That's not necessarily a strong market for us in home standby historically.
Power quality is a little bit better, although recently it's kind of broken down in California because of some of the issues around grid stability and issues with PG&E in particular.
PG&E made an announcement earlier this week that their grand plan for heading off wildfires is when the wind blows, they're going to shut off the grid to 5.5 million people for maybe days at a time.
That could obviously develop for us into a nice home standby market because a battery is not going to get you days of backup.
But that being said, I think we can have -- that market is going to be a great complementary market for us with home standby and with the storage markets to develop.
And so we're going to be very focused on growing a market that, up until this point, I don't want to say we've ignored it, but it just really hasn't been there for standby.
So I think it's going to be a nice complementary region of the country to what we're already doing everywhere else.
Operator
Your next response is from Christopher Glynn of Oppenheimer.
Christopher D. Glynn - MD and Senior Analyst
Wondering if anything is happening with resale and upgrade, curious what proportion of standby today is replace and upgrade versus expanding the penetration rates?
And what kind of movement you're seeing along those lines?
Aaron P. Jagdfeld - President, CEO & Executive Chairman
Yes.
It's another area we watch, we track it very closely.
We have the ability to do that with all the data in our activation data and homeowner file that we have here.
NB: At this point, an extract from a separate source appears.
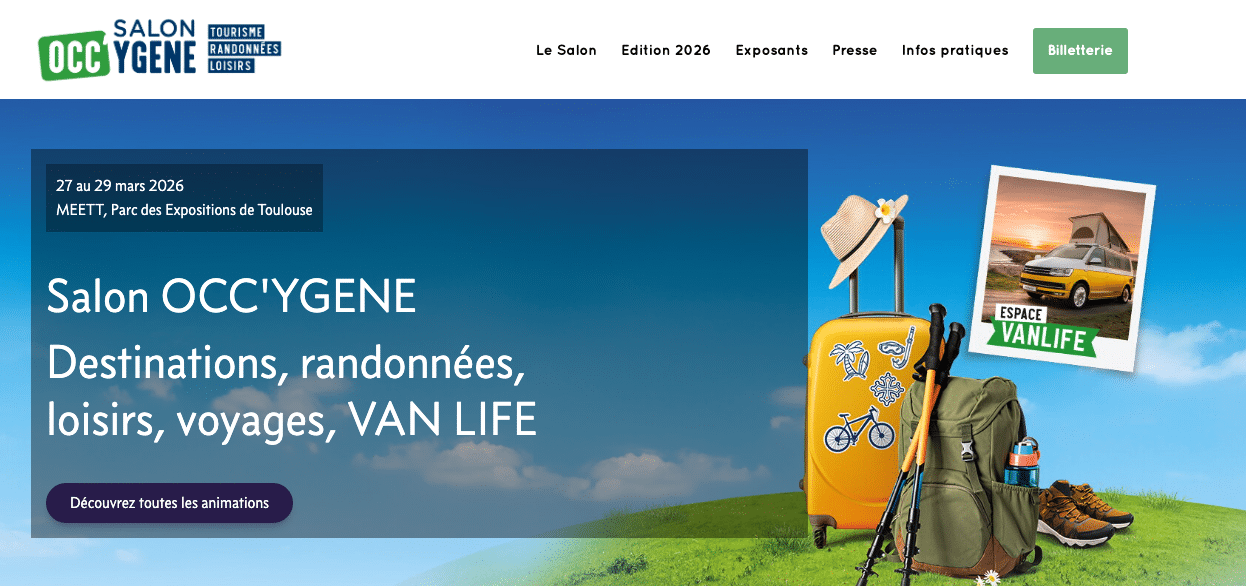 Occ'Ygène Toulouse — espace vanlife 2000m² MEETT salon plein air 27-29 mars 2026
So I think we have a very good view on this.
And we see a reliable march upward in replacement.
The category's been around 20 years now.
And in fact, some of the older parts of the market are starting to hit that 20-year mark, and the life expectancy of these products is between 10 and 20 years pretty reliably.
And as we get into that, today it's -- about 5% of the sales that we experience in home standby are for -- that we can tie directly to replacement.
But every quarter that goes by, it is pretty cool because you can kind of see it just in the math, we see a reliable march upward in that number.
Christopher D. Glynn - MD and Senior Analyst
It sounds good.
And question on the dynamic around the kind of wave emerging around 5G and overall telecom backup.
What's your view of the duration of this?
It seems like it might be sticky for a while.
And corollary to that, how accessible is the international opportunity for telecom customers given your footprint and legacy incumbents outside the U.S.?
Aaron P. Jagdfeld - President, CEO & Executive Chairman
Right.
So I would say and I think I may have mentioned in my prepared remarks an extended cycle, an extended upcycle that we're entering here.
When we've seen this in the past, and we've been serving this market now for over 30 years with backup power.
So we have long-standing relationships, we have a lot of cycles we've been through both up and down.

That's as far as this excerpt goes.